◆ **DIRECTIONS FOR THIS TASK**:
For the data below, transcribe the part that opens with the line containing "Photo of उत्तरकाशी" and closes with the line containing "California Walnut (Juglans", exactly and with no pictures.

◆ **INFORMATION GIVEN**:
BEGIN

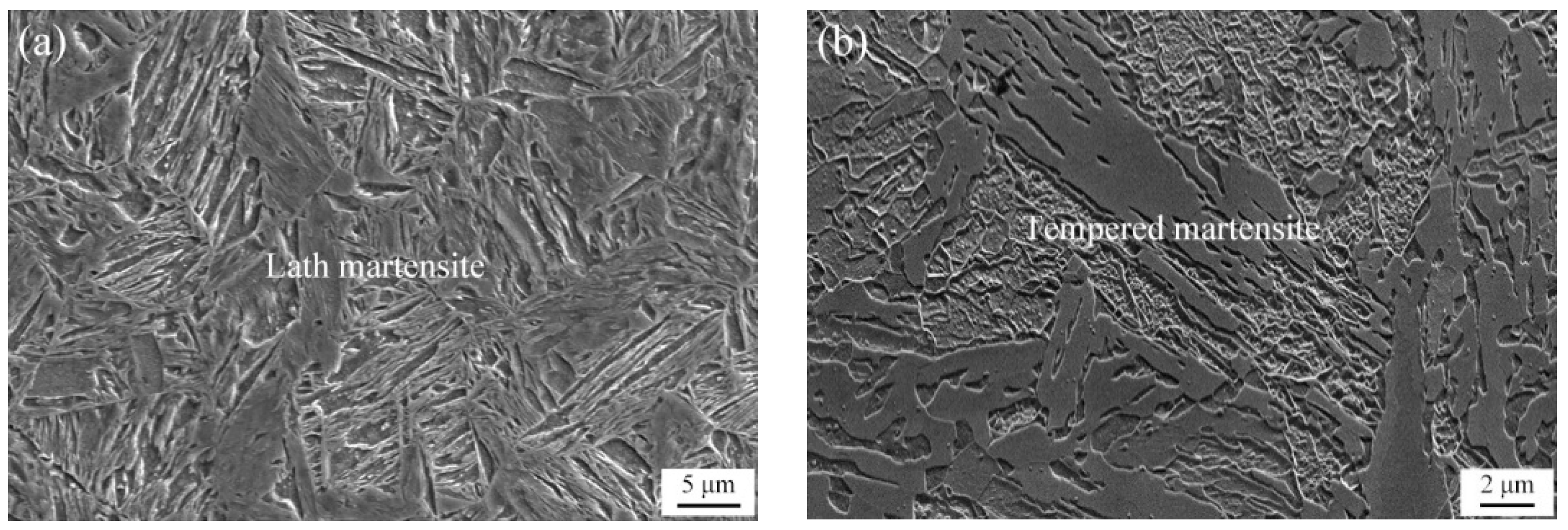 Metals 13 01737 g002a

END
BEGIN

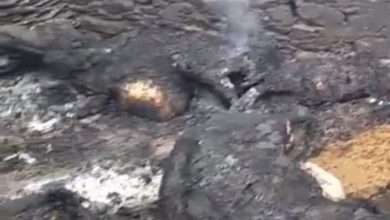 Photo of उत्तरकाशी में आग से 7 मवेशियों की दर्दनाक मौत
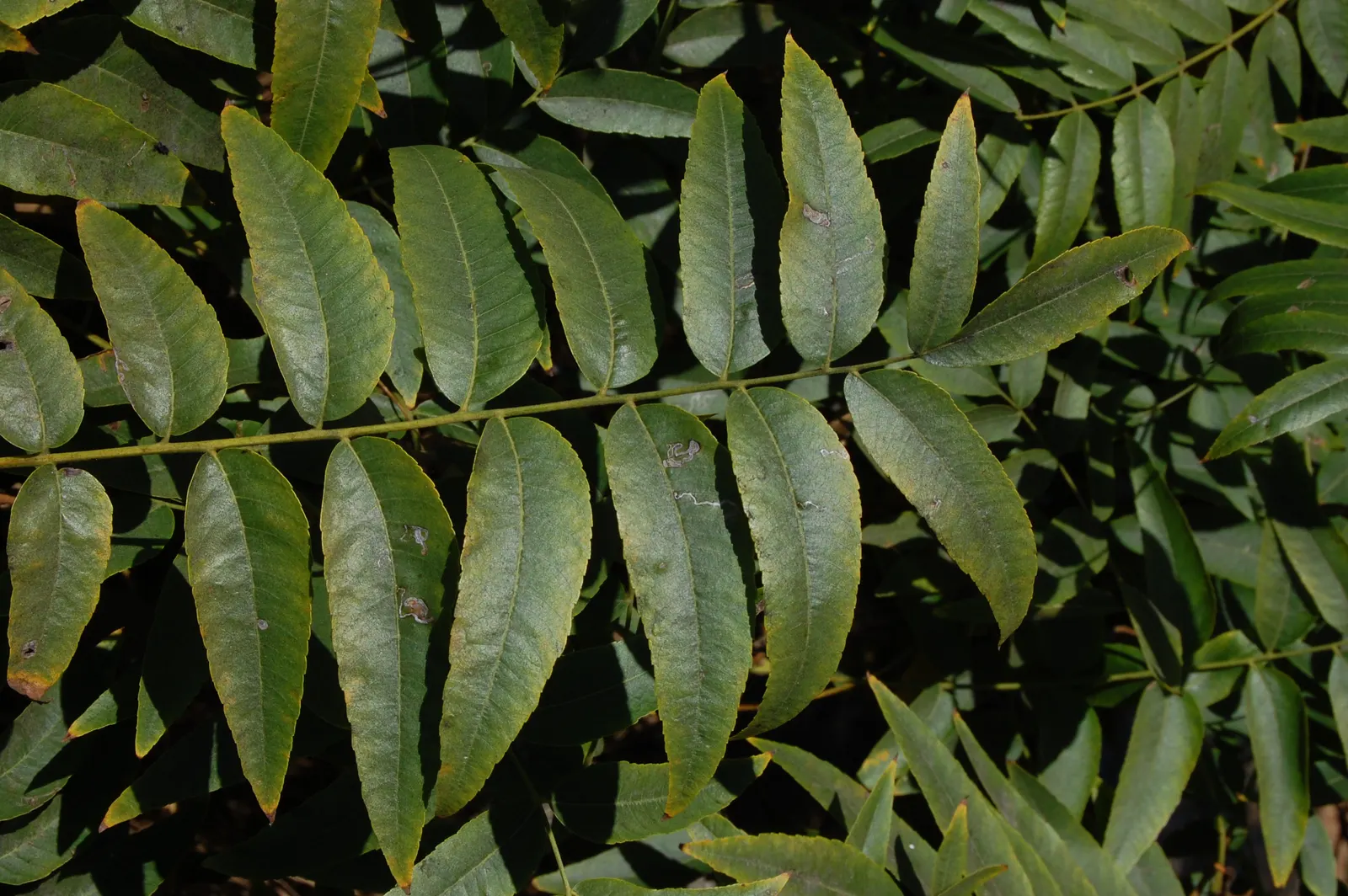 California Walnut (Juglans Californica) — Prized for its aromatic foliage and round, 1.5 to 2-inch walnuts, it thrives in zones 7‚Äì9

END

◆ **EXERCISE RESPONSE**:
 Photo of उत्तरकाशी में आग से 7 मवेशियों की दर्दनाक मौत
 California Walnut (Juglans Californica) — Prized for its aromatic foliage and round, 1.5 to 2-inch walnuts, it thrives in zones 7‚Äì9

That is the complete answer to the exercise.